Negli anni certo qualcosa è cambiato,“Abbiamo aggiunto per esempio il pesce, un po’ per stare al passo con le tendenze, un po’ per variare quella che era una volta la cena di magro della Vigilia”. Il 24 sera infatti, fino a qualche decennio a tavola c’era la cena di magro, in cui si mangiavano baccalà accompagnato da minestre o brodo. “Ricordo ancora il sapore genuino dei legumi, del tepore del camino, delle castagne… Nelle famiglie più benestanti, chi poteva, aggiungeva pezzetti di guanciale per dare più sapidità. Poi c’erano gli spaghetti, con le alici, condite semplicemente”. Erano cibi semplici ma che, a quanto pare, mettevano tutti d’accordo, “C’era tanta allegria condita dalla voglia di stare insieme. Dopo la minestra e gli spaghetti si passava alla portata principale che era sempre l’anguilla o il baccalà, fritto in pastella, arrosto, al sugo o al forno con le patate”.
“L’anguilla – spiega ancora Moretti – era una vera e propria leccornia che non tutti potevano permettersi, veniva cotta con la brace del camino, dopo una sapiente marinatura e si acquistava esclusivamente per l’occasione”. E l’anguilla, o il capitone, oggi è ancora un piatto di nicchia, non di facilissima reperibilità e soprattutto, in questo periodo dell’anno arriva a costi non accessibili a tutti.
Ciò che si aspettavano e che aspettano ancora tutti è il trionfo di fritti che ovviamente non possono mancare: si va dalle classiche verdure in pastella come il cavolo o la verza e anche la mela spolverata di zucchero, passando per i calamari, il baccalà, la moderna tempura di gamberi. I contorni, ora come allora, sono sempre quelli: cavoli e cavolfiori, la rapa rossa, i broccoli che lasciano comunque uno spazietto ai dolci. “Il fiore all’occhiello aquilano: il torrone aquilano, i caciunitti presi in prestito dal Teramano e dalla costa, la frutta secca, le noci, pandoro e panettone”.
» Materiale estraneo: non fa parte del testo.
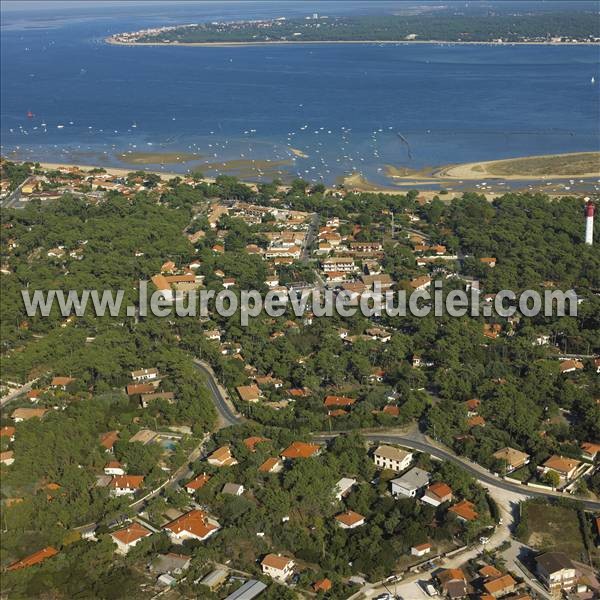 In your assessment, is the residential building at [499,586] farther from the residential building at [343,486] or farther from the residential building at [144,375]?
the residential building at [144,375]

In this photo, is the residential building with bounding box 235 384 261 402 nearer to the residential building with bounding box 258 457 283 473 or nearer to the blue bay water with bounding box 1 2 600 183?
the residential building with bounding box 258 457 283 473

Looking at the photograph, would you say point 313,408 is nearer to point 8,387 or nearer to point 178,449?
point 178,449

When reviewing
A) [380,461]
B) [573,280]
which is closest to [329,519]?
[380,461]

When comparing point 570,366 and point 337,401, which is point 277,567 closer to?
point 337,401

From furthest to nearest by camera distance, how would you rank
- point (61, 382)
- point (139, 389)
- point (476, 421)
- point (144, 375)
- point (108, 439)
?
point (144, 375) < point (139, 389) < point (61, 382) < point (476, 421) < point (108, 439)

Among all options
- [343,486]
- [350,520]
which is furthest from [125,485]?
[350,520]

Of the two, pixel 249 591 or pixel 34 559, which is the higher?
pixel 34 559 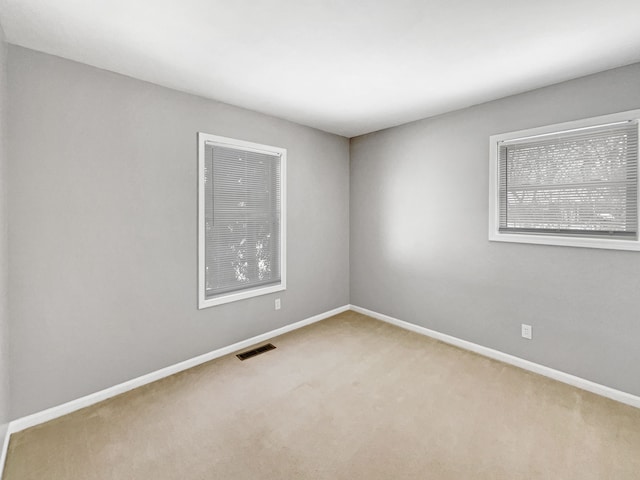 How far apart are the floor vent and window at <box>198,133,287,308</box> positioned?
0.57 metres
Potrebbe bastare tutto questo per fare poi un digiuno di 24 ore, invece no perchè il giorno dopo si scaldano i motori per il pranzo del 25. Cavallo vincente non si cambia, ancora una volta vince la tradizione e quindi, secondo gli studi di Demetrio Moretti, “non può mancare l’antipasto classico fatto di formaggi e salumi, tutto molto semplice ma gustoso. In alcune famiglia si prepara ancora il brodo con il cardo, oppure con la stracciatella, l’indivia e il pane fritto, come la zuppa della sposa del Parco Nazionale d’Abruzzo. C’è chi invece ha preso in prestito le ‘scrippelle’ dal Teramano ma, in ogni caso, devono esserci le fettuccine o la lasagna e poi l’agnello, magari cacio e ova, anche se è un piatto più primaverile, o al forno, oppure panato e fritto”.

Si conclude questo tour culinario dedicato al Natale pescando sempre dal baule dei ricordi di Demetrio Moretti:“il 25 nelle tavole delle famiglie ricche si chiudeva il pranzo con la pizza dolce, un pan di spagna sofficissimo, bagnato con alchermes e farcito con la crema al cioccolato. Una tradizione oggi quasi scomparsa e sostituita dai tanti panettoni e pandori artigianali molti dei quali prodotti in Abruzzo. Un pezzetto di torrone, un mandarino, una noce, l’amore e il caffè… Poi si gioca tutti insieme, allo stesso tavolo!”.